2015-04-20 00:01:05 | goo映画レビュー

原題:『Fast & Furious 7』
監督:ジェームズ・ワン
脚本:クリス・モーガン
撮影:スティーヴン・F・ウィンドン
出演:ヴィン・ディーゼル/ポール・ウォーカー/ジェイソン・ステイサム/ミシェル・ロドリゲス
2015年/アメリカ

ひどく心を揺さぶられるアクション映画について

 もはや道路だけではなく空をも駆け巡る大規模なカーアクションは言うまでもなく、主演の一人であるブライアン・オコナーを演じたポール・ウォーカーの死により本作は今まで以上に情緒的な要素が強くなっている。

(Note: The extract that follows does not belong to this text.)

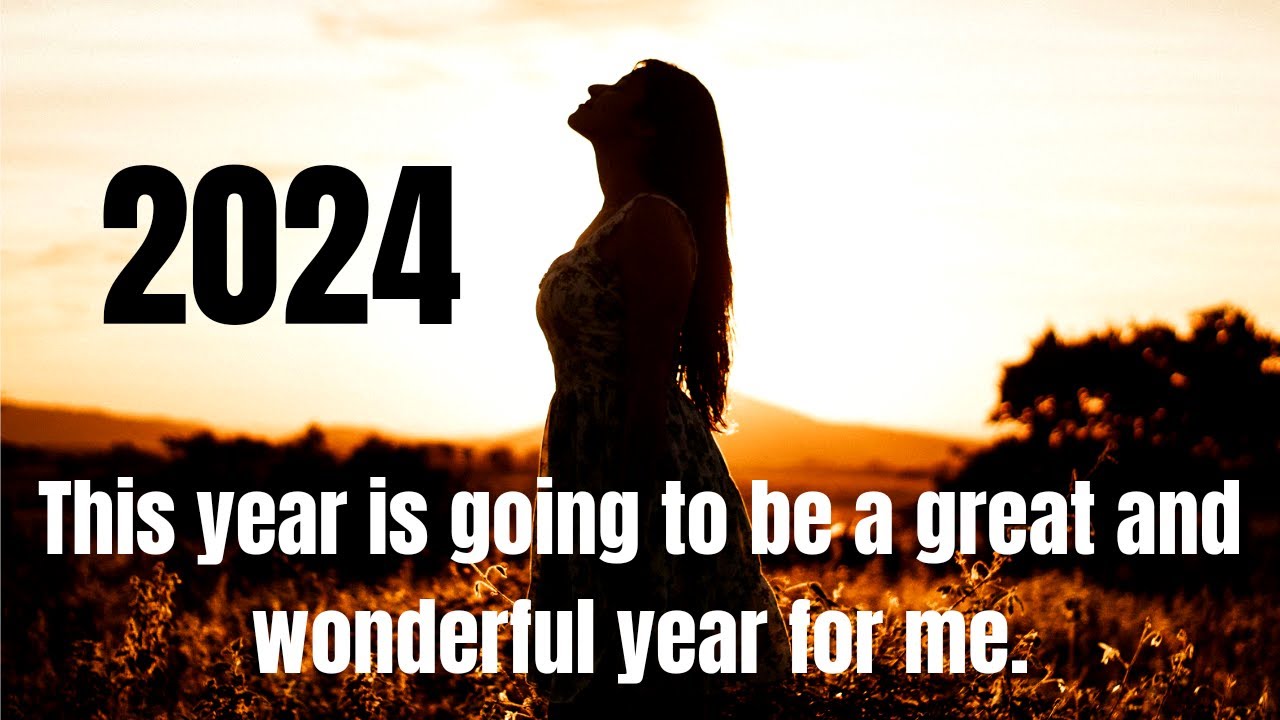 POSITIVE AFFIRMATIONS for the New Year (Affirmations 2024)#positiveaffirmationsYour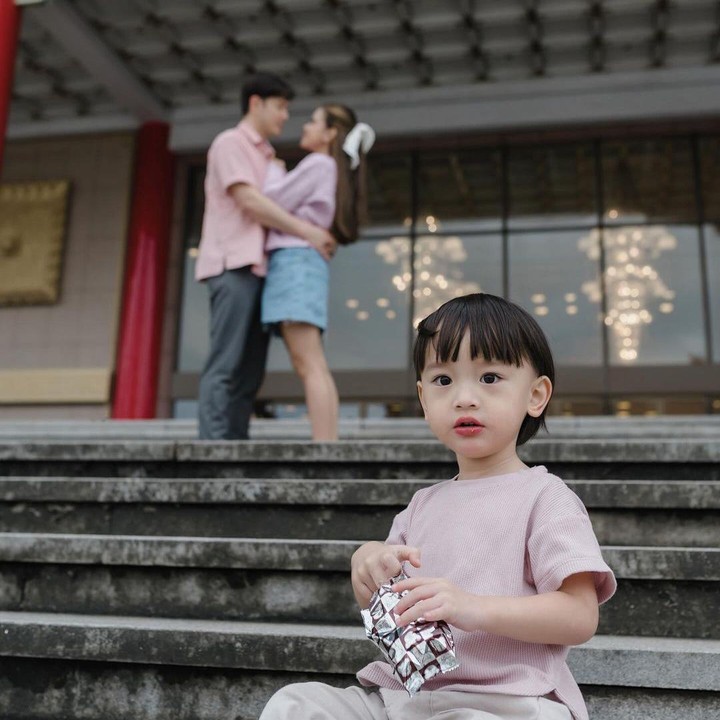 <p>Audi Marissa melahirkan Anzel Maverick Xie pada 7 April 2021 secara prematur. Kini, Anzel sudah semakin besar dan genap berusia 2 tahun. (Foto: Instagram: @audimarissa)</p>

それはリーダーのドミニク・トレットが自分たちを友人ではなく「家族(family)」であると何度も強調するが故に感傷の度合いがますます強くなり、ラストで別れも告げずにクルマで去っていこうとしたドミニクの後をブライアンがクルマで追いかけてきて、「さよならも言わずに行ってしまうのか」と文句を言いながら一緒に走り出し、やがて一緒に走っていた道からブライアンのクルマが車線変更する何気ないシーンでさえ、「別れも言わずに行ってしまったのはおまえの方ではないか」と思いながらひどく心を揺さぶられるのである。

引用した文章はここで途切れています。